The film wants to have it both ways. It wants us to sympathize with Mina’s fragile state, while also rooting for Jude to save his son from Mina before tragedy strikes. While director Saverio Costanzo, who also wrote the screenplay based on Marco Franzoso’s novel, “Il bambino indaco” (“The Indigo Child”), seeds hints throughout that Mina is losing her mind well before Jude notices (or deals with it), he also undercuts the resulting tension with poorly staged scenes that feel like they were lifted from a ‘70s soap opera, or using techniques of characters over-explaining events that truly don’t require the exposition.

It doesn’t help that the film is set in New York City, where, even in a culture that favors the rights of the mother over the rights of the father, the authorities are going to need so much time to prove a mother is starving her child that a father would need to take the drastic measures Jude does.

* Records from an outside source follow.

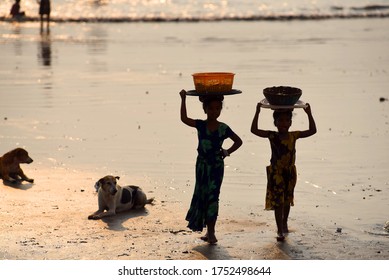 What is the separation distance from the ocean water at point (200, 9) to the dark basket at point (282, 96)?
3537 cm

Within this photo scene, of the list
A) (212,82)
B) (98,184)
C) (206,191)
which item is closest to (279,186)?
(206,191)

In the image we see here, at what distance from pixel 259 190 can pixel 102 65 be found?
14109 millimetres

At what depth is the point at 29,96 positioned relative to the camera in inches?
755

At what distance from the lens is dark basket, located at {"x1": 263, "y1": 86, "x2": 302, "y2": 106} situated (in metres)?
9.15

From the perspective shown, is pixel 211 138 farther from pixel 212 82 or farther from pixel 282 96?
pixel 282 96

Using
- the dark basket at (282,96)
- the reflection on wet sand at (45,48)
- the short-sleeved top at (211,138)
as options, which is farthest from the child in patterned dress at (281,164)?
the reflection on wet sand at (45,48)

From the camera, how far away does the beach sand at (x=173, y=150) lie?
367 inches

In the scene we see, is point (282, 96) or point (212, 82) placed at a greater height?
point (212, 82)

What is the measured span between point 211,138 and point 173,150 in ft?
15.3

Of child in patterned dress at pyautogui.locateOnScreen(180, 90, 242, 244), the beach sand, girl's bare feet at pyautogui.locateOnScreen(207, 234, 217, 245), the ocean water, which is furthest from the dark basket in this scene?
the ocean water

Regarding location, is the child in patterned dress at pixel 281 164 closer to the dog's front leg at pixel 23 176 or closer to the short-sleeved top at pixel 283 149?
the short-sleeved top at pixel 283 149

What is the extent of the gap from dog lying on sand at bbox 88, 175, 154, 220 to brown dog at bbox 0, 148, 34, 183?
176 cm

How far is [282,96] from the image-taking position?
9.14 m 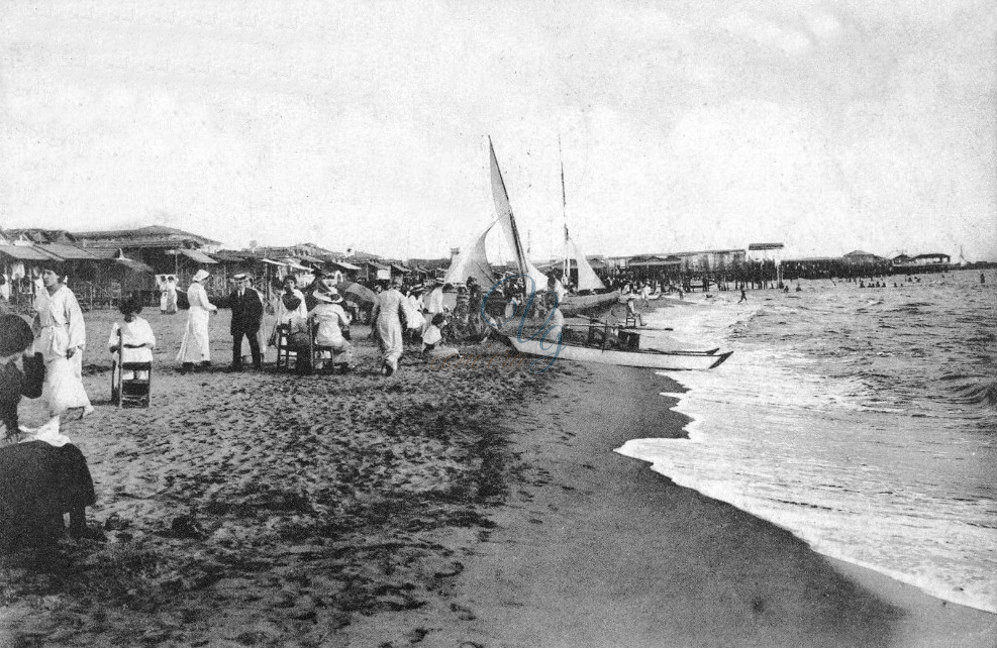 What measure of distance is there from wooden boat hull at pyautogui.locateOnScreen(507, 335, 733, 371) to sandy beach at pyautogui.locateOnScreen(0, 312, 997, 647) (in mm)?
6988

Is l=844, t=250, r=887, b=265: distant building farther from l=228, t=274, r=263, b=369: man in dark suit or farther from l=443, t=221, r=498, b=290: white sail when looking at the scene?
l=228, t=274, r=263, b=369: man in dark suit

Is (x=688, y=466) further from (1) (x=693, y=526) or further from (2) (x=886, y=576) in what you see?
(2) (x=886, y=576)

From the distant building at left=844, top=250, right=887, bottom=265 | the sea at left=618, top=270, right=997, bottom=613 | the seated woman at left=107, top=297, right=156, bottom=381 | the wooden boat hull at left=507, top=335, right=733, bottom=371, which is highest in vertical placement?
the distant building at left=844, top=250, right=887, bottom=265

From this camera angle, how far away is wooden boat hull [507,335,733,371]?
14.8m

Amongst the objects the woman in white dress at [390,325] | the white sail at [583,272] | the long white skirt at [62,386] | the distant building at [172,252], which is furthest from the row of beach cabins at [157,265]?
the white sail at [583,272]

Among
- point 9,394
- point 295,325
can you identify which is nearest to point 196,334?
point 295,325

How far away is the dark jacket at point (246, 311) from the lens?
33.6 feet

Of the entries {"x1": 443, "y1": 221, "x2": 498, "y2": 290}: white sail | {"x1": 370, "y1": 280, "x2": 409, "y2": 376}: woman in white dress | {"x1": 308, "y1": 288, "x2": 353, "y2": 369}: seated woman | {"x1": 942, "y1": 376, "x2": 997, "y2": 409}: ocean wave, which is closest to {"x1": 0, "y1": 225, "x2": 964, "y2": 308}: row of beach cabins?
{"x1": 370, "y1": 280, "x2": 409, "y2": 376}: woman in white dress

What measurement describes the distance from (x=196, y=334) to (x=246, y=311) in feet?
2.89

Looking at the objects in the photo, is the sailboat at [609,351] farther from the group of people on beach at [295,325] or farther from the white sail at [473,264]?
the white sail at [473,264]

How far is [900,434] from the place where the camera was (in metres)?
9.53

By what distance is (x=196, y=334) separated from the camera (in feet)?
33.6

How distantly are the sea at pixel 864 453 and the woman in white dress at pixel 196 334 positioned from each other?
6.78m

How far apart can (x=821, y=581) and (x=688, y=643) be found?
160cm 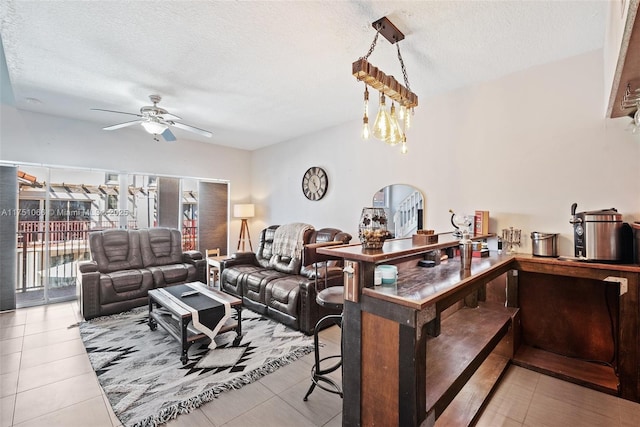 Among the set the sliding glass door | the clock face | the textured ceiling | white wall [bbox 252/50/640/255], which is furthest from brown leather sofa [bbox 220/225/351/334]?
the sliding glass door

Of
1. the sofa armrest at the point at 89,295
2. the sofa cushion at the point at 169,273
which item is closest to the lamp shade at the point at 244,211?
the sofa cushion at the point at 169,273

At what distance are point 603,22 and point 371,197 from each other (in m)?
2.72

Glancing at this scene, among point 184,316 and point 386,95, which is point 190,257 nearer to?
point 184,316

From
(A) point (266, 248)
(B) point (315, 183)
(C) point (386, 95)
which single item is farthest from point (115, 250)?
(C) point (386, 95)

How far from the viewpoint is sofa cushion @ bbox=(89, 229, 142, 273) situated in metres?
4.13

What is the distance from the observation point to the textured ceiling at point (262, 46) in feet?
6.59

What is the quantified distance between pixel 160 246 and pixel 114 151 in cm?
182

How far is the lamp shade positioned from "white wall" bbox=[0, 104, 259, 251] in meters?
0.38

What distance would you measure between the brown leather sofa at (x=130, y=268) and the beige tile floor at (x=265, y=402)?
3.31 ft

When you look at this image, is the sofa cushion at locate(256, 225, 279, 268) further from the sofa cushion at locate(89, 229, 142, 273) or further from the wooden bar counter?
the wooden bar counter

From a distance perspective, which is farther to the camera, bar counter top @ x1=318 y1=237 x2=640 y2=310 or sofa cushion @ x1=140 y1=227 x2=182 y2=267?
sofa cushion @ x1=140 y1=227 x2=182 y2=267

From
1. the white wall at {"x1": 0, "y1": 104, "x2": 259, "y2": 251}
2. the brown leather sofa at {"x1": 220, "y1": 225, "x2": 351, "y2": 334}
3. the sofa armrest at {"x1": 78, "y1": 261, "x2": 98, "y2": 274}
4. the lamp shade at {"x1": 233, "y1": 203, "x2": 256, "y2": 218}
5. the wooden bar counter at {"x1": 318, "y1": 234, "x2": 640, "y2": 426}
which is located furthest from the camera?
the lamp shade at {"x1": 233, "y1": 203, "x2": 256, "y2": 218}

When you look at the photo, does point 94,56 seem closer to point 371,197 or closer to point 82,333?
point 82,333

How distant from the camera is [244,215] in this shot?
19.8 ft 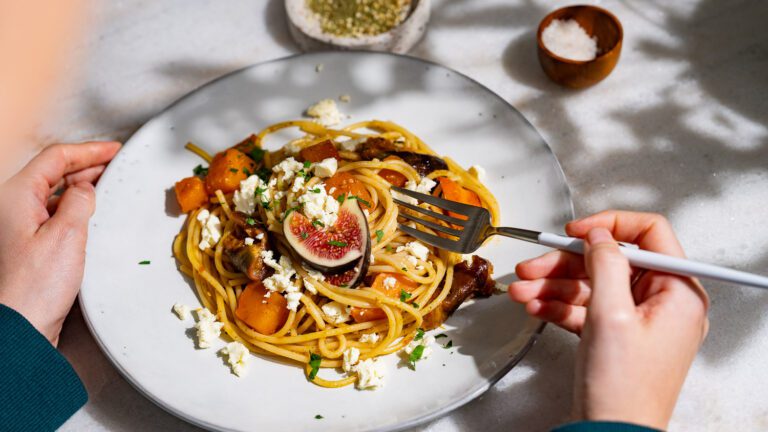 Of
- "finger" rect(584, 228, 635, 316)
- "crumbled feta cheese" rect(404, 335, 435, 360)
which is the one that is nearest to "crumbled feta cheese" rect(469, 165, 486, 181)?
"crumbled feta cheese" rect(404, 335, 435, 360)

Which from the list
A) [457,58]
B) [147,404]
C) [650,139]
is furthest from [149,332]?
[650,139]

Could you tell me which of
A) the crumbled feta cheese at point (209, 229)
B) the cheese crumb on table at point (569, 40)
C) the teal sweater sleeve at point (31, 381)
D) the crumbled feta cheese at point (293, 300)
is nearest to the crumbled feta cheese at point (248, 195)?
the crumbled feta cheese at point (209, 229)

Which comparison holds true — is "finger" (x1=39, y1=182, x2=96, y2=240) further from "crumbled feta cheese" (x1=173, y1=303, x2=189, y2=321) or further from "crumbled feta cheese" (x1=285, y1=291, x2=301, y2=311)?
"crumbled feta cheese" (x1=285, y1=291, x2=301, y2=311)

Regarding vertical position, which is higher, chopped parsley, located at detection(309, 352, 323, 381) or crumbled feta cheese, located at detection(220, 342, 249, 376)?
crumbled feta cheese, located at detection(220, 342, 249, 376)

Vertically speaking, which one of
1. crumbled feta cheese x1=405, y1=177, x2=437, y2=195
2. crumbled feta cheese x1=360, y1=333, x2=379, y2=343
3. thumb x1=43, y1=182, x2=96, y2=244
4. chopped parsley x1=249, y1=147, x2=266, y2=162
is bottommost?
crumbled feta cheese x1=360, y1=333, x2=379, y2=343

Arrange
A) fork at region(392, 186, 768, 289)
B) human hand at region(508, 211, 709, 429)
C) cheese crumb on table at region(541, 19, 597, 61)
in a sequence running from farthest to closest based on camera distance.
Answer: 1. cheese crumb on table at region(541, 19, 597, 61)
2. fork at region(392, 186, 768, 289)
3. human hand at region(508, 211, 709, 429)

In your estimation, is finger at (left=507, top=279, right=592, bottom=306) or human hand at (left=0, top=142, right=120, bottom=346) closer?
finger at (left=507, top=279, right=592, bottom=306)

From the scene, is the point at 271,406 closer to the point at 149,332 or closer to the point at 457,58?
the point at 149,332

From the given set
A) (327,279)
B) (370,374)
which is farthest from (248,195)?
(370,374) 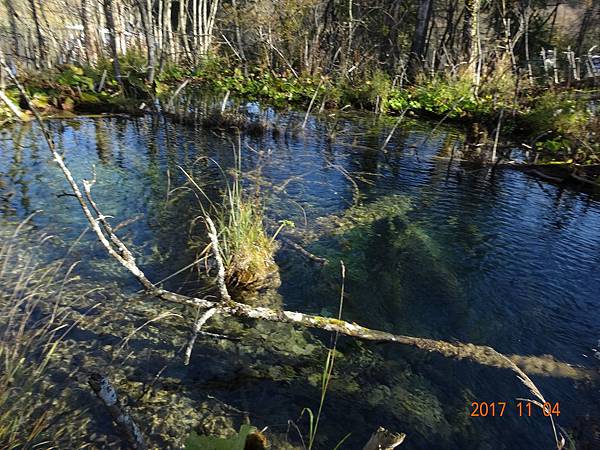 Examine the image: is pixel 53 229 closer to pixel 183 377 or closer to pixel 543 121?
pixel 183 377

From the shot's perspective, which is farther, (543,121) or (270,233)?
(543,121)

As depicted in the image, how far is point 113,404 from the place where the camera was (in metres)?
1.24

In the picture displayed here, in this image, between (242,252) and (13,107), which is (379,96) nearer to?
(13,107)

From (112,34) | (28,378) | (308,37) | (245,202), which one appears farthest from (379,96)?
(28,378)

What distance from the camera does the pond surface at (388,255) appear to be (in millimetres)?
2396

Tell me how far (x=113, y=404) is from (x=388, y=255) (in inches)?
124

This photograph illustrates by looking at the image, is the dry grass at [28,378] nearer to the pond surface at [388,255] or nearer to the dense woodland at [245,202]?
the dense woodland at [245,202]

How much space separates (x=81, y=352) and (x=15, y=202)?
2751 mm

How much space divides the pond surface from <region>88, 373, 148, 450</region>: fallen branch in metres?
1.00

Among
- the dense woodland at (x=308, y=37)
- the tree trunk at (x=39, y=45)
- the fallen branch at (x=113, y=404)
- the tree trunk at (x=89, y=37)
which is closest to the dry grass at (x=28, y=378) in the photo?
the fallen branch at (x=113, y=404)

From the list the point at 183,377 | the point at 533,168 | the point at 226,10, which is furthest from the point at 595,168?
the point at 226,10

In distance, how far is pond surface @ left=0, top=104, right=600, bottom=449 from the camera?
7.86 feet

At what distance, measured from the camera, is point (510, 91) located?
30.7ft

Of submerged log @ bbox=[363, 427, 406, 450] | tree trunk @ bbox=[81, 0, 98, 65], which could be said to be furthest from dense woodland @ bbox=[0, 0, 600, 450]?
tree trunk @ bbox=[81, 0, 98, 65] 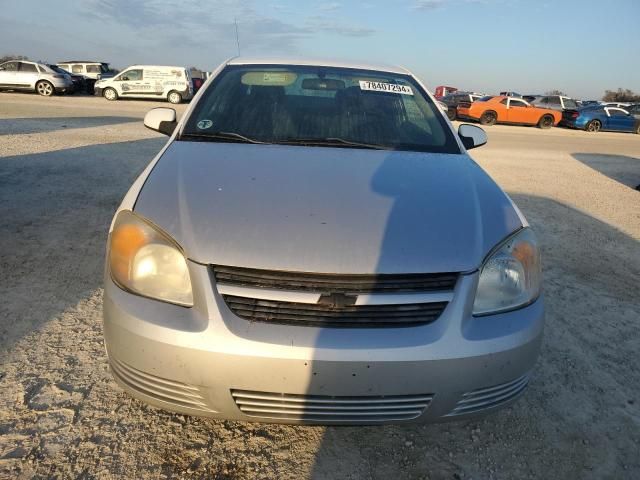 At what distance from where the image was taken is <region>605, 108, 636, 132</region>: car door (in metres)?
20.9

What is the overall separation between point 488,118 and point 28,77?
2073 centimetres

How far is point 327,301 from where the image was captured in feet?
4.93

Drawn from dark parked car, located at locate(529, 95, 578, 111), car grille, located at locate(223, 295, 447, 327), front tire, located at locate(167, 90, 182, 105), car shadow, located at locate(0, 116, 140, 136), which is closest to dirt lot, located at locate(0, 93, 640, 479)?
car grille, located at locate(223, 295, 447, 327)

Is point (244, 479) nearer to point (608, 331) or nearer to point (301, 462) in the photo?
point (301, 462)

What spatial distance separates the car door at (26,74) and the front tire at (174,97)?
5.74m

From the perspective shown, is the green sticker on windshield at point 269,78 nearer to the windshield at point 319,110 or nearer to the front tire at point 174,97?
the windshield at point 319,110

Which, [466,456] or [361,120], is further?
[361,120]

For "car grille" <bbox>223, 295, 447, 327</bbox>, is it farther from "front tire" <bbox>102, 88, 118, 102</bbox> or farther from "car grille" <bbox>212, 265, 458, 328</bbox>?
"front tire" <bbox>102, 88, 118, 102</bbox>

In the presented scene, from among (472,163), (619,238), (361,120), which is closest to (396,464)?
(472,163)

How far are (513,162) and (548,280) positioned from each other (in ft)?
21.9

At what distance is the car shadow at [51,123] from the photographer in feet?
30.5

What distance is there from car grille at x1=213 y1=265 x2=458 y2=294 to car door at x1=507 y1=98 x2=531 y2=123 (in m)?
21.3

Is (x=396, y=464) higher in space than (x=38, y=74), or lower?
lower

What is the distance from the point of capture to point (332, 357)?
143cm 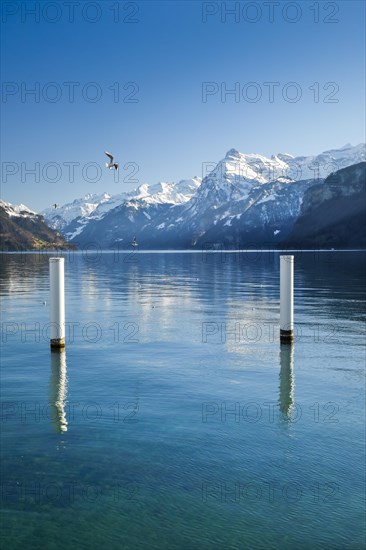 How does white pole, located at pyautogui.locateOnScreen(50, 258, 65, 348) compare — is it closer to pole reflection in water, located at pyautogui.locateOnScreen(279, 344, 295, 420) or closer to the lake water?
the lake water

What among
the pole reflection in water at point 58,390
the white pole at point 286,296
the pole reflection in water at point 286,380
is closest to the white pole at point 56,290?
the pole reflection in water at point 58,390

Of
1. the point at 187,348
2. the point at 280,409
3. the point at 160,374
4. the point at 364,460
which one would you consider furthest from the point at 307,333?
the point at 364,460

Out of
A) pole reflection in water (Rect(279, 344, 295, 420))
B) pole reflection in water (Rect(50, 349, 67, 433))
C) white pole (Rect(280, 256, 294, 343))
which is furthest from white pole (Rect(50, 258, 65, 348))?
white pole (Rect(280, 256, 294, 343))

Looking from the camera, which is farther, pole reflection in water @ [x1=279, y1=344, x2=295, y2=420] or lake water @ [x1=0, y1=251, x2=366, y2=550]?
pole reflection in water @ [x1=279, y1=344, x2=295, y2=420]

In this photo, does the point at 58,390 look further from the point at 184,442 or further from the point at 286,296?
the point at 286,296

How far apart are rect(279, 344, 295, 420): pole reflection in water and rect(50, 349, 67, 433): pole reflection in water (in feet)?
18.3

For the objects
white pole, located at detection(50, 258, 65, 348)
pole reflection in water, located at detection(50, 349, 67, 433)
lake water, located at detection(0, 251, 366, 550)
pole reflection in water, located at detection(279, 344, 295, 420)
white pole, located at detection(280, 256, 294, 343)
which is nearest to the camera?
lake water, located at detection(0, 251, 366, 550)

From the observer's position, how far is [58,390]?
53.2ft

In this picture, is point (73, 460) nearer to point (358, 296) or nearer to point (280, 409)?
point (280, 409)

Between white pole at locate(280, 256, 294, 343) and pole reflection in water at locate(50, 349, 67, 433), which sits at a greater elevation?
white pole at locate(280, 256, 294, 343)

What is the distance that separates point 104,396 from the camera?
1556 cm

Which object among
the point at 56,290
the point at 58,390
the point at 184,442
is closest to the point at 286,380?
the point at 184,442

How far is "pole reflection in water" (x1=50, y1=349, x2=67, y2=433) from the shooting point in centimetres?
1317

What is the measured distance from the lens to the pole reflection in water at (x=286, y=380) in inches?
→ 571
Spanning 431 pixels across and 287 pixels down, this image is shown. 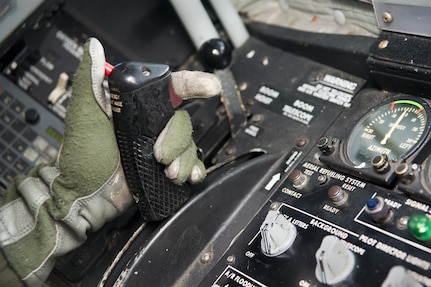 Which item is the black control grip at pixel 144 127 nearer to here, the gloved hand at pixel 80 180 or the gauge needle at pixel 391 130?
the gloved hand at pixel 80 180

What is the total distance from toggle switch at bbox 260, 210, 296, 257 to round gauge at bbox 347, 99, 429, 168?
0.23 meters

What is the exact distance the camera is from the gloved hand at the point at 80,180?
167 centimetres

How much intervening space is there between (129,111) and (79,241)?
43 cm

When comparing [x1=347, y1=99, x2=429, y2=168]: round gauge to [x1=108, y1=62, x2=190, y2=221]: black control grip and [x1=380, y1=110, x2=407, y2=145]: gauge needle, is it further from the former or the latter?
[x1=108, y1=62, x2=190, y2=221]: black control grip

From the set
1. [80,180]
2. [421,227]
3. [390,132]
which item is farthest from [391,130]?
[80,180]

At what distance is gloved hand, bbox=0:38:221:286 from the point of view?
1670mm

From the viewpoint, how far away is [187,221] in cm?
178

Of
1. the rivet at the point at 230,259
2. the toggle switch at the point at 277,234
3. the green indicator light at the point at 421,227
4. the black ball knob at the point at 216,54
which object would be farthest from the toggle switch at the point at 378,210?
the black ball knob at the point at 216,54

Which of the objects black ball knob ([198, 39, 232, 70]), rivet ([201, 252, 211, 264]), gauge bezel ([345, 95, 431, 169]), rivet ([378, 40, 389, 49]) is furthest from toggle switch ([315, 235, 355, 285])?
black ball knob ([198, 39, 232, 70])

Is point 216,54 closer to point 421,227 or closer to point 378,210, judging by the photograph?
point 378,210

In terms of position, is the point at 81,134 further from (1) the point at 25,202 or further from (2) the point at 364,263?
(2) the point at 364,263

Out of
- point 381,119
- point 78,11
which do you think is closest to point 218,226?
point 381,119

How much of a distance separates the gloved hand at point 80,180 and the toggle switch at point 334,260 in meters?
0.41

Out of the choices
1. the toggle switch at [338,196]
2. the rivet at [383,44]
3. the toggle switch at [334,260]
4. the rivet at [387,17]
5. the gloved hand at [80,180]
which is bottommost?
the gloved hand at [80,180] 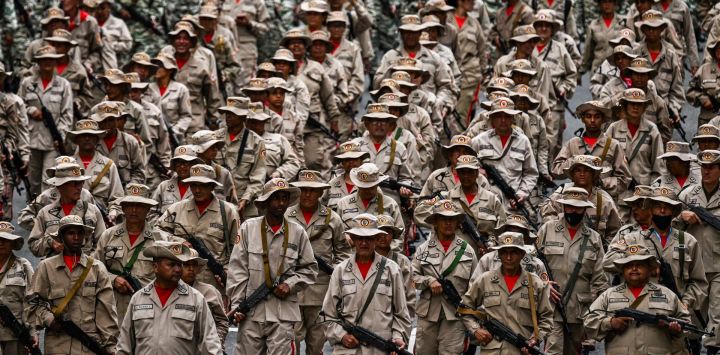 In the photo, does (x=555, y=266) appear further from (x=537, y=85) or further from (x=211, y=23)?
(x=211, y=23)

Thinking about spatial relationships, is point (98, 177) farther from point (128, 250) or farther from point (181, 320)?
point (181, 320)

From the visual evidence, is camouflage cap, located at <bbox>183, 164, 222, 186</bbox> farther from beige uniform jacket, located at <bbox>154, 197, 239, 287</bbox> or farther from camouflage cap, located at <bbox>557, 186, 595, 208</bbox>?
camouflage cap, located at <bbox>557, 186, 595, 208</bbox>

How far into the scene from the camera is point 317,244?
1633cm

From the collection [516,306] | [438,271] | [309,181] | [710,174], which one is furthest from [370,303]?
[710,174]

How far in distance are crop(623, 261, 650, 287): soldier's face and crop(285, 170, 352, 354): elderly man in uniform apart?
2820 mm

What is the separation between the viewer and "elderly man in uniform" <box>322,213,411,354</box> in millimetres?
14695

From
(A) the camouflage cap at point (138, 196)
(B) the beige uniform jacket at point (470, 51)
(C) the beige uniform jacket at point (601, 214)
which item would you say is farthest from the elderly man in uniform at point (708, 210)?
(B) the beige uniform jacket at point (470, 51)

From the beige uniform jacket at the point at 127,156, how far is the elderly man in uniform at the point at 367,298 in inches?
194

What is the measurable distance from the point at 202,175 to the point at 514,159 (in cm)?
389

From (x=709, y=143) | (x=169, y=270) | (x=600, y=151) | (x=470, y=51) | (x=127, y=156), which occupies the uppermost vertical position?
(x=169, y=270)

The good thing about the film is the performances, particularly from Driver and Rohrwacher, who make us root for Jude and Mina even as the characters are doing frankly stupid things. Also good is Roberta Maxwell as Jude’s mother, Anne, who is a bit creepy herself.

That the situation in Hungry Hearts is going to end in tragedy is never in doubt. The real tragedy, though, is how it fails to be the intensely unsettling story it could have been.